The Shipbreakers

There’s a very interesting article called The Shipbreakers in the current issue of The Atlantic Monthly magazine which discusses the industry built around breaking apart retired cargo ships in India.


Marcus's picture
Marcus on April 2, 2004 - 20:13 Permalink

For you ferry buffs out there…

Many of you might know that M/V Abegweit, built in 1947 at Marine Industries Ltd. (Sorel QC) is now the clubhouse for the Columbia Yacht Club in Chicago, Illinois.

Ironically, the M/V Abegweit, built in 1982 at Saint John Shipbuilding & Dry Dock Ltd. (Saint John NB) and which served from 1982-1997, is now anchored off Alang, India awaiting shipbreaking. She languished at Sydport (Sydney, NS) until summer 1999 when Accrued Investments of Houston purchased her for resale but after moving her to Galveston in July of that year, she never found a buyer.

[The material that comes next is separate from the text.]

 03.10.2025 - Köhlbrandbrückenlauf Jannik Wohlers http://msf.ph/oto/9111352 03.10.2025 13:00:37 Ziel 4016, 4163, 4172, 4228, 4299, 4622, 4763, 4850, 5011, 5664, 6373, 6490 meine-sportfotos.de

In February 2004, she was observed with smoke coming from her stacks, and several days later had departed her berth of almost 4 and a half years. Under her own power, she crossed the Atlantic last month and transited the Mediterranean/Suez and should be scrapped by this fall.

An unfortunate ending for this ferry.

Marcus's picture
Marcus on April 3, 2004 - 20:43 Permalink

Actually she isn’t at Alang yet. She’s currently entering the Mediterranean, albeit travelling very slowly. Supposed to be at Alang by June.

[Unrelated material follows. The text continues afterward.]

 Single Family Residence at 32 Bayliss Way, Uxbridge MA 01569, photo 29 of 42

The other icebreaker ferry M/V John Hamilton Gray is laid up at Freeport, Bahamas awaiting scrapping in India as well. No word on the schedule for this.

Interesting how ships which were once owned by the Government of Canada are now going to further the environmental problems of Gujarat State. Too bad the Confederation Bridge wouldn’t just collapse or evaporate into a black hole somewhere.

Kevin's picture
Kevin on September 4, 2004 - 06:07 Permalink

Have these two great ships been officially scrapped yet? Is there any chance either of the ships could find a buyer. I live on long island and know two ferry companies that should have been able to put these ships to good use. I like both, although the “gray” a little more, for the abegweit to be built in 1982 and scrapped already is a shame. Thanks any info would be appreciated

Marcus's picture
Marcus on March 10, 2005 - 21:15 Permalink

Yes, they are officially gone. Global scrap metal prices have gone through the roof in recent years as India & China’s economies are expanding at almost unsustainable rates. Both former icebreakers had a great deal of high-tensile steel in their hulls, so they were a real catch for scrappers, plus being former icebreakers, they require more fuel than regular ships to operate as they were heavier for their size. Finally, their designs did them in as they were custom-built for the Northumberland Strait, although the Gray was also used in Nfld. during the summers.

M/V Mariner (ex. M/V Accrued Mariner, exx. M/V Abegweit) sailed Galveston at end of Feb. 2004, arriving in India early May. Her owners after Marine Atlantic were Accrued Investments, Houston TX (July 1999-January 2004), and then Pelican Marine, India (January 2004-May 2004). Lloyd’s Registry lists her as scrapped May 9, 2004 in India (presumably Alang).

M/V Texas Treasure II (ex. M/V Contessa I, exx. M/V John Hamilton Gray) was used as a casino cruise ship in West Palm Beach FL from 1997-~2001, ditto at Port Aransas TX from 2001-~2003. She failed mandatory FDA hygiene inspections and coast guard safety inspections and was moved to Bahamas and listed for sale. At some point her owners (Contessa International) decided that scrapping would be more profitable so she sailed in early 2004, arriving in India early March. Lloyd’s Registry lists her as scrapped March 15, 2004 in India (presumably Alang).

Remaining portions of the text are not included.